# 13 Month old Male 'trying it on' ..???



## VedicSky (Feb 3, 2013)

Hello, 
:help:
I have a 13 Month Male GSD. He arrived here at his new home at 8 weeks of age, where he blended right in with my Female little Mutt. She was guess-timated to be about 4 Months old when I found her (which was right before the puppy arrived) and they took to each other quite easily and we have all been co-existing smoothly. Usual flaps and flutters but nothing at all untoward or unmanageable. She is spayed, he is not neutered yet.

However...very recently he has been testing the waters during our training sessions, and also just as a member of the household...pushing limits of acceptable behavior both inside the house and out.
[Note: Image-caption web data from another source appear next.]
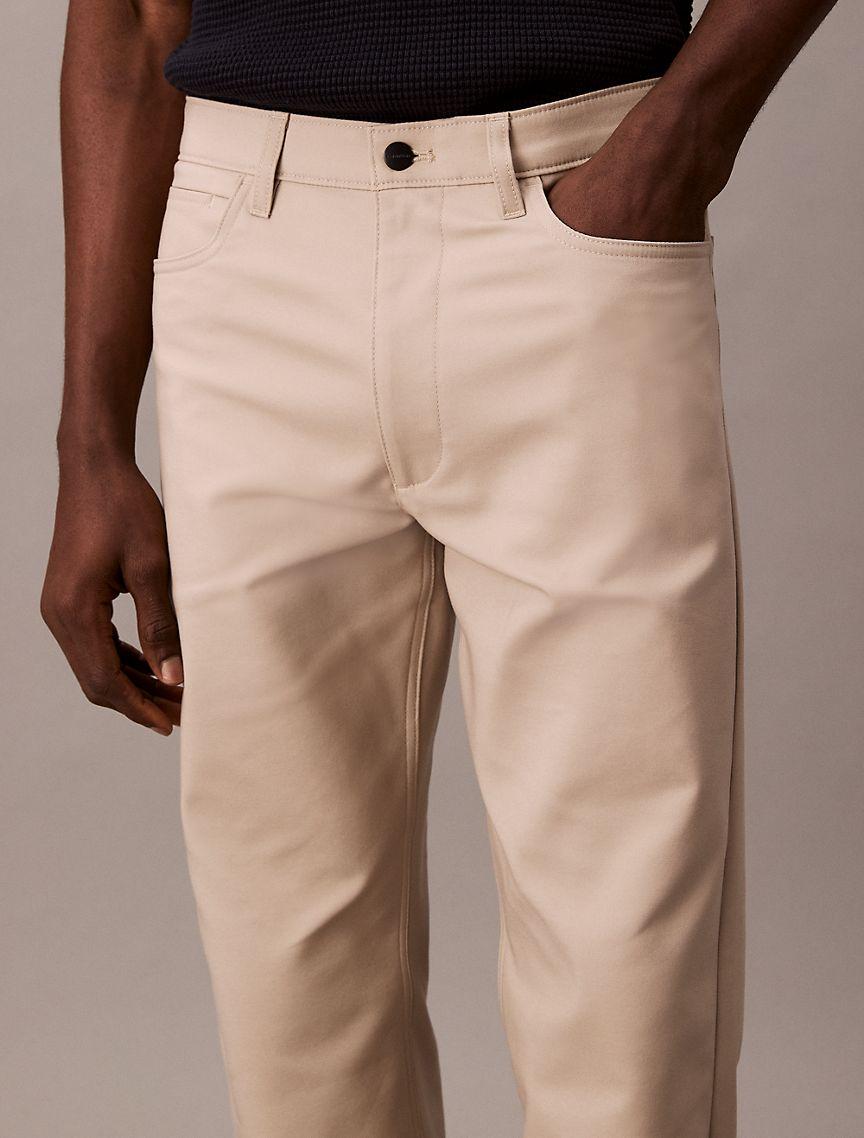 Standard Straight Stretch 5-Pocket Pants Product Image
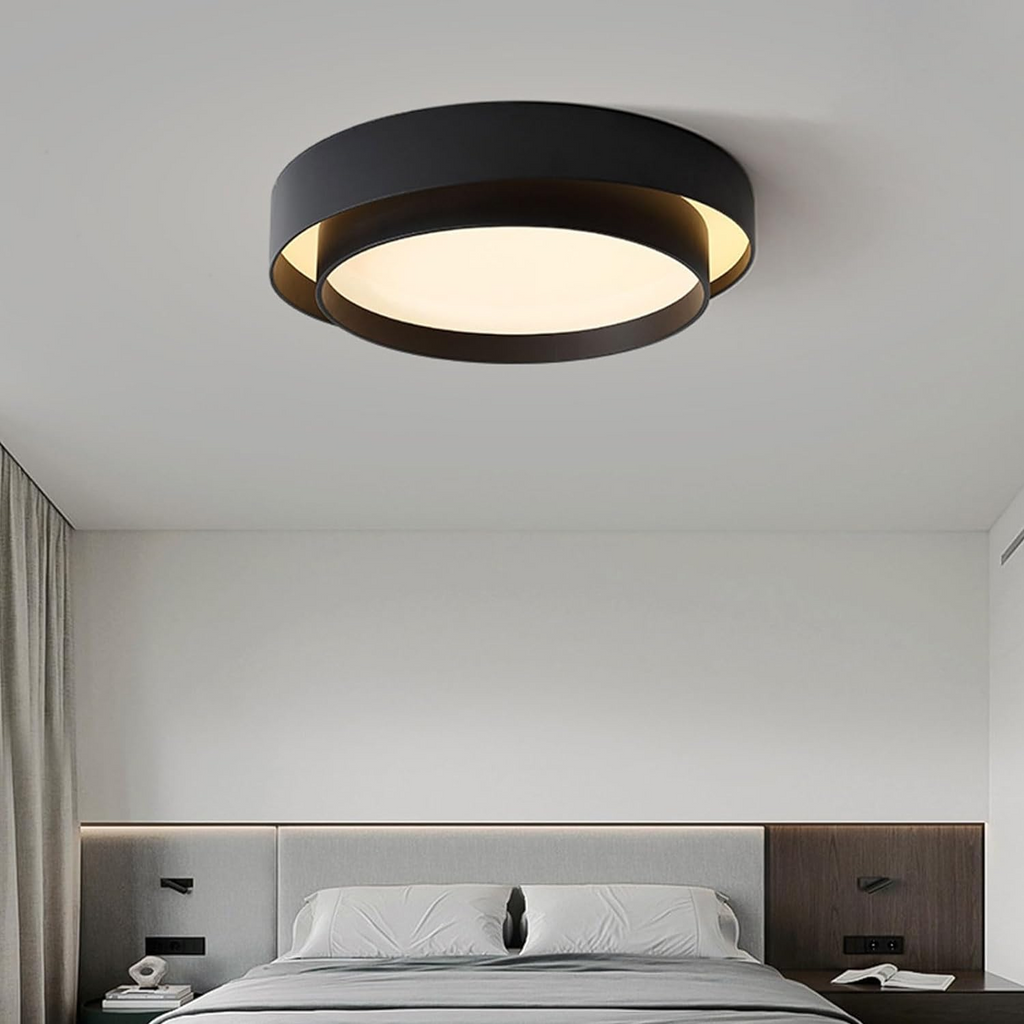 Round LED Ceiling Light – Nordic Minimalist Fixture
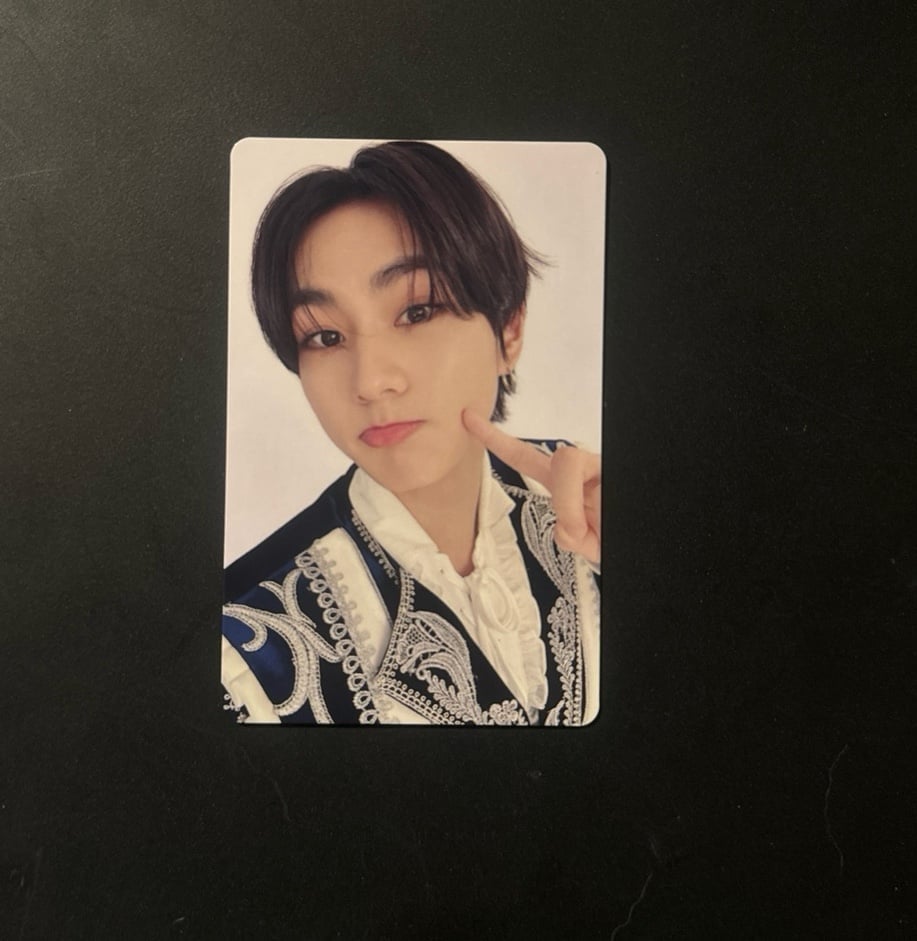 Enhypen Jungwon Fate Plus Japan Lucky Draw Novelty Photocard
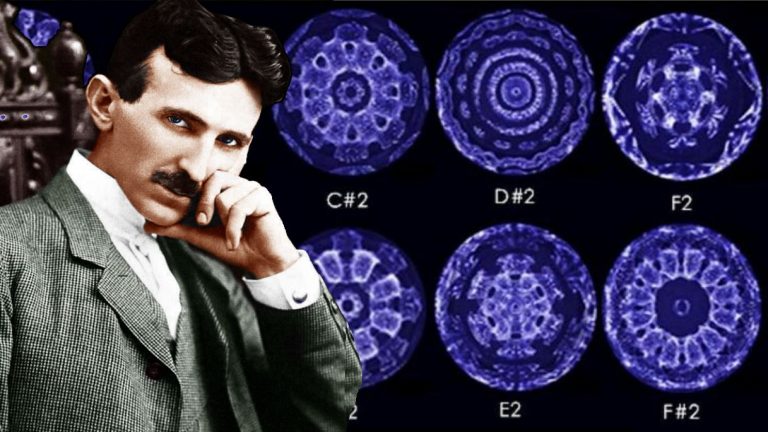 Nikola Tesla - sound, frequency, and vibrations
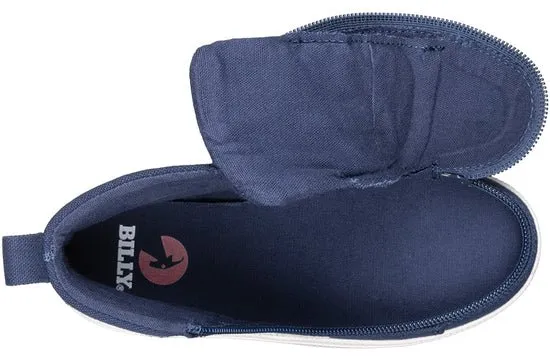 Billy Footwear (Kids) - Navy/White CS Canvas Shoes
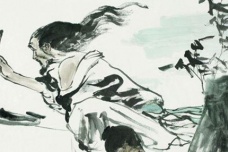 曹不兴画作栩栩如生的故事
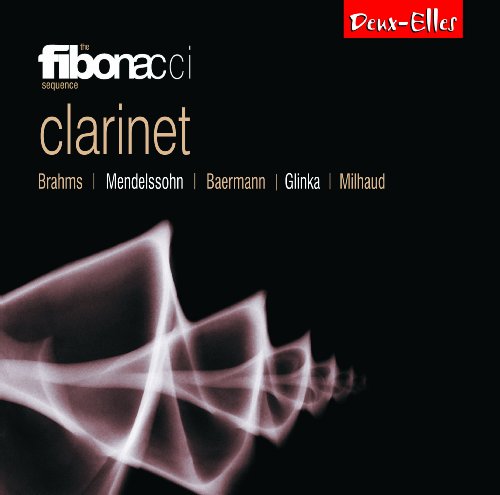 The Fibonacci Sequence - Clarinet - Music By Brahms; [CD]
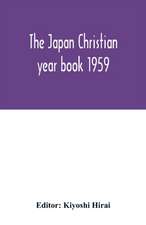 The Japan Christian year book 1959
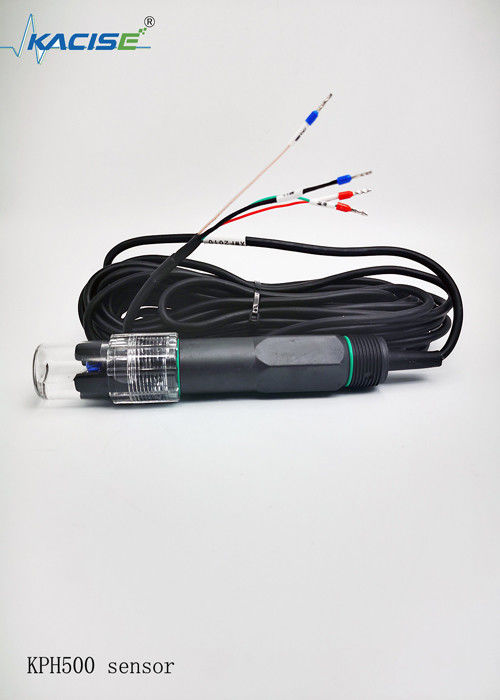 سنسور میکرو کیفیت آب KPH500 کنترل سنج PVC PH ORP با محدوده 0-14PH و حفاظت IP68
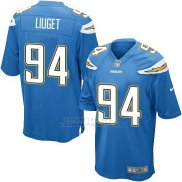 Camiseta Los Angeles Chargers Liuget Azul Nike Game NFL Hombre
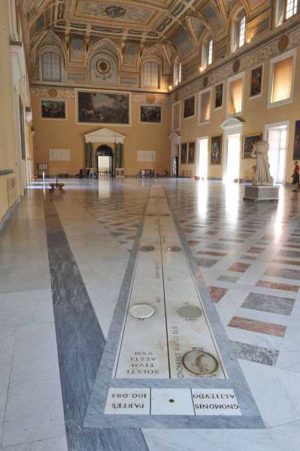 Museo archeologico nazionale di Napoli - La sala della Meridiana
I thought i had a handle on what tack to take to rein this in firmly...back to basics training and also give him plenty of opportunities to let him rediscover how much he likes my 'Happy-Voice' lol.

But today he attacked my Female...his best bud. I use the word because that is what it looked like to me...an attack. She had something he wanted, and usually that means he walks over and gets it with or without some grumbling from her. Sometimes the reverse happens, and she does the same to him... she takes whatever it is, usually an Antler or something. They have never guarded anything..not food, not toys...nothing ever. But today he wanted something, she grumbled and his 90 lbs. went ballistic on her 50 lbs. It was awful, and rattled me badly..and her. She Freaked. The worse she freaked the more intense he got. I had a very hard time pulling him up and off her. It was like a bad dream. Maybe it looked worse than it was...but really, it was a whole new level of display of..if not outright aggression..then something close. 
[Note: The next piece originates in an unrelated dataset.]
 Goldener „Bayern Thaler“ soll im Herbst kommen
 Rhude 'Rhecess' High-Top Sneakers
I want to handle this fast, correctly and safely. I do not want to blow this...because I do think that this is behavior that he COULD get to like...but also feel that right now at least he could easily be guided BACK and AWAY from it IF I Get It Right.
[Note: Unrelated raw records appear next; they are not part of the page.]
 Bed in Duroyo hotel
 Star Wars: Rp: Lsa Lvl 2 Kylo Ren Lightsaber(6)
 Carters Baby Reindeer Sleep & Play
Ideas? Advice? Books to read? All input thankfully welcomed!

Mara


----------



## gsdsar (May 21, 2002)

Was your female injured? 

I am sorry this happened. I hate to call it inevitable, but based on your story, I saw it coming. 

For a year both dogs have been giving clear signs of discomfort with the other dog around treats. The grumbled at each other as the other stole it from them. 

At 15 months and intact, I am not über surprised that he decided enough was enough. You should have done that months ago. Dogs need to learn to read and respect other dogs and their signals. Not ignore them. Because in the end, if their signals are always ignored, what recourse do they have except to escalate. 

Call a trainer and get someone into your house to watch the dynamic. I think you will be surprised at the little things you are missing about their interactions.


----------



## wolfy dog (Aug 1, 2012)

This is what I have learned from my own group of dogs in the past through observation. If the lower in rank ones are involved in a dispute that goes out of control according to the leader dog, he will step in between them and separate the quarrelers . So I thanked him for the lesson and practiced the same routine when he was involved in a squabbel over chewies. It worked like a charm and all 4 parted ways. But I was in good control over each individual dog.
When Deja is too hard on a young dog according to myself, I put her in a down-stay and if she does it again I leash her and leave.
In your case I would immediately take action when you see the "first look". Just act calm and matter of fact, no harshness. But I would do this with both dogs. Sometimes it is hard to see who is the instigator. For the GSD I would put a short leash(12 inch, no loop) onto his collar that is easy to grab.
Also I would not let them be together without supervision. Give MR. Adolescence plenty of training, exercise and leadership (NILIF)


----------



## VedicSky (Feb 3, 2013)

No..my Female was not hurt. sorry, i should have said that.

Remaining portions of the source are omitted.